シチリアパレルモ県ヴィッラバーテ生まれ。叔父が地元マフィアのズッビオのメンバーで、マフィアの影響の濃い環境で育った[1]。1916年窃盗とレイプ未遂で逮捕されたが放免された[2]。1920年、窃盗で1年服役した。出所後、1921年9月に一家でアメリカに渡った。しばらくニューヨークにいたが、翌1922年、シカゴでパン屋と雑貨商を始めた。1925年、店を畳んでニューヨークに戻り[3]、一時シチリアに帰国した。
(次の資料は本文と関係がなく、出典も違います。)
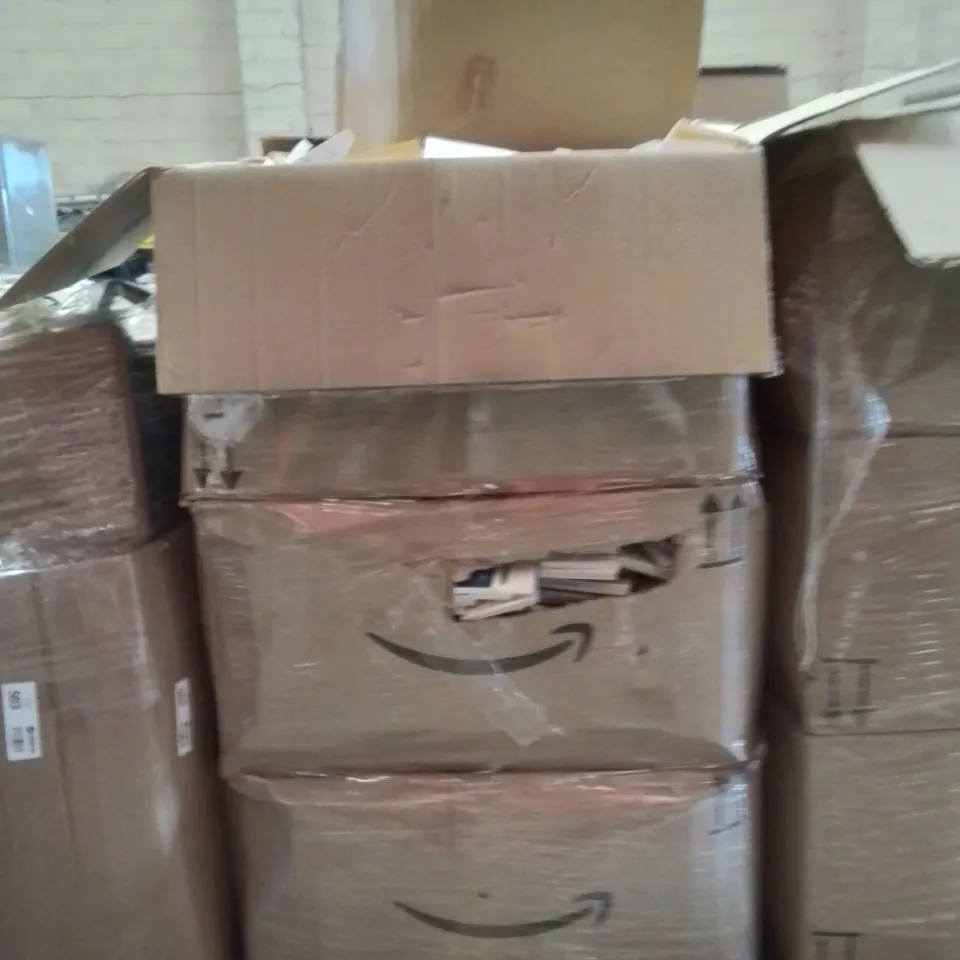 PALLET CONTAINING A LARGE QUANTITY OF PHONE CASES,SCREEN PROTECTORS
1927年ニューヨークのブルックリン(ベンソンハースト)で、オリーブオイルの輸入業を始めた[4]。同じ頃、遠戚のジョゼフ・マリオッコと付き合い始め、マリオッコの妹と結婚した。同郷ヴィッラバーテ出身のギャングと非合法活動に従事し、パレルモ派閥のギャングリーダーに担ぎ上げられた[1][注 1]。ベンソンハーストなどブルックリン中南部とスタテン島を縄張りとし、イタリア産トマトやオリーブオイル輸入("カルメラミーア"、"マンマミーア")を手がける傍ら、酒の密輸、賭博、高利貸し、組合たかりや麻薬などに精を出した[7]。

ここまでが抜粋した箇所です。